The move comes amid growing concern over President Donald Trump’s financial entanglements in the crypto sector, including a reported US$57.3 million gain in 2024 from his family’s decentralised finance platform, World Liberty Financial.
COIN Act Targets Conflicts Between Public Office and Private Crypto Wealth
The legislation, known as the COIN Act (Curbing Officials’ Income and Nondisclosure), seeks to tighten the rules on crypto dealings for top government figures.
If passed, it would forbid senior officials and their immediate family members from issuing, sponsoring, or publicly endorsing any form of digital asset—from stablecoins to memecoins—starting six months before they take office and lasting two years after they leave.
Schiff said the bill is designed to close ethical loopholes that have allowed political leaders to benefit financially from digital markets while in power.
“We need far greater scrutiny of the president’s financial dealings, and to stop him and any other politician from profiting off of such schemes.”
He referred to Trump and his family's actions as the “financial exploitation of digital assets.”
A Direct Shot at Trump’s Expanding Crypto Empire
Trump’s crypto ambitions have become increasingly public in recent months.
His personal memecoin, $TRUMP, has reportedly brought in an additional US$350 million, although these figures have not yet appeared in official filings.
The family’s stake in World Liberty Financial, which launched its own USD-backed stablecoin earlier this year, has already dropped from 75% to 40%, suggesting significant profits may have been realised.
In May, a company in Abu Dhabi announced plans to use WLF’s stablecoin in a US$2 billion deal involving Binance, prompting further scrutiny.
Meanwhile, estimates place Trump’s current digital asset holdings at around US$2.9 billion—roughly 40% of his net worth.

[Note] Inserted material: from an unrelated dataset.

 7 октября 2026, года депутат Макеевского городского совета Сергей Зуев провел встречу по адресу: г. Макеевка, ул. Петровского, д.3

How the COIN Act Would Change Disclosure Rules
Under Schiff’s proposal, digital assets would face similar reporting and conflict-of-interest requirements as traditional financial instruments.
Officials would be required to report crypto holdings and transactions, including sales exceeding US$1,000, and could face prison time and forfeiture of profits if found in violation.

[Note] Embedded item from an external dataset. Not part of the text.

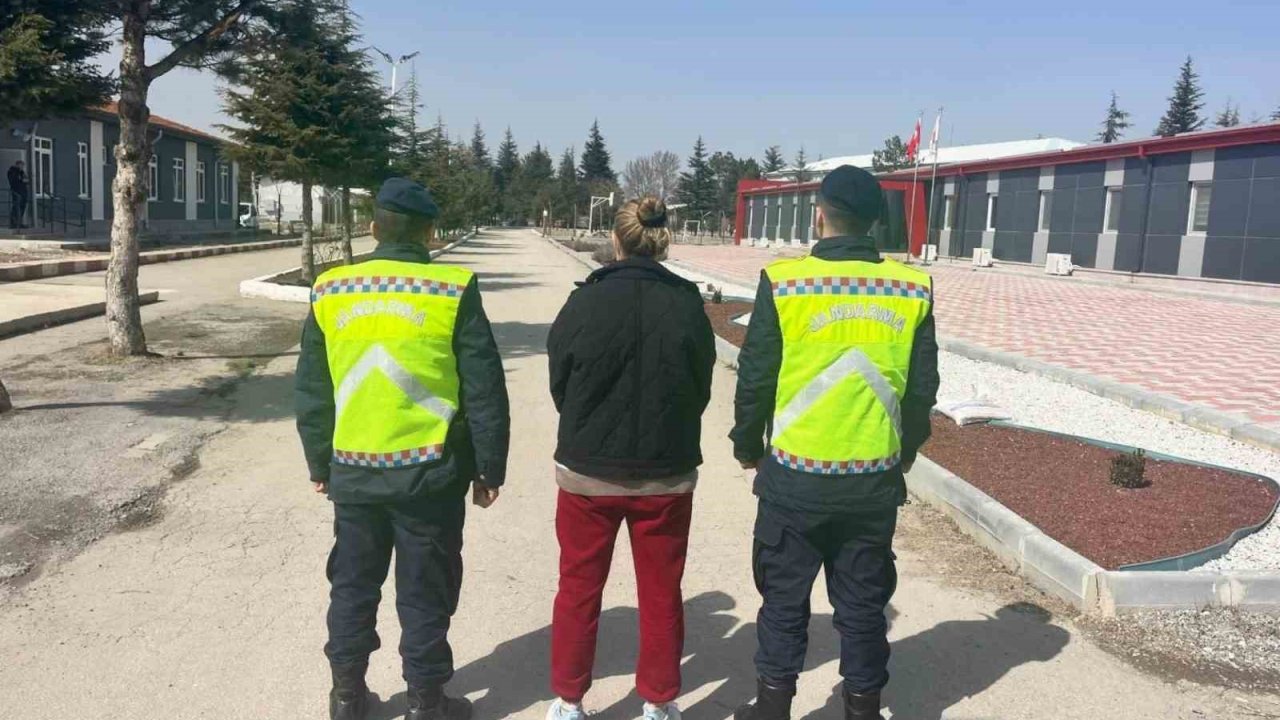 3 yıl hapis cezasıyla aranan şahsı jandarma yakaladı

Stablecoin issuers would also be required to certify quarterly that no senior officials are profiting from their tokens to qualify for smoother regulatory review.
The bill includes a provision directing the Government Accountability Office to review and recommend further ethics reforms related to crypto within 360 days of enactment.
Previous Attempts Fell Short—Is This One Different?
Schiff’s initiative follows a string of unsuccessful efforts to limit financial entanglements between Trump and the crypto industry.
Just last week, the GENIUS Act passed the Senate with measures focused on stablecoin governance—but without provisions targeting presidential conflicts of interest.
Schiff, who supported that bill, now appears to be filling the gap with the COIN Act.
In parallel, House Democrats have pushed their own proposals.
Representative Maxine Waters introduced the TRUMP in Crypto Act on the same day Trump hosted a private dinner celebrating top holders of his memecoin—a move critics called “blatantly corrupt.”
However, with Democrats in the minority and Trump holding veto power, the chances of the COIN Act becoming law remain slim.
Overriding a presidential veto would require a two-thirds majority in both chambers—an uphill battle under the current political climate.
Should Politicians Be Allowed to Build Crypto Fortunes While in Office?
Trump’s growing footprint in crypto raises a pressing question that Congress can no longer ignore—should public officials be allowed to turn digital influence into personal profit while holding the highest offices in the land?
Schiff’s bill might not survive the partisan divide, but it sets the stage for a critical debate about power, money, and the future of digital finance in American politics.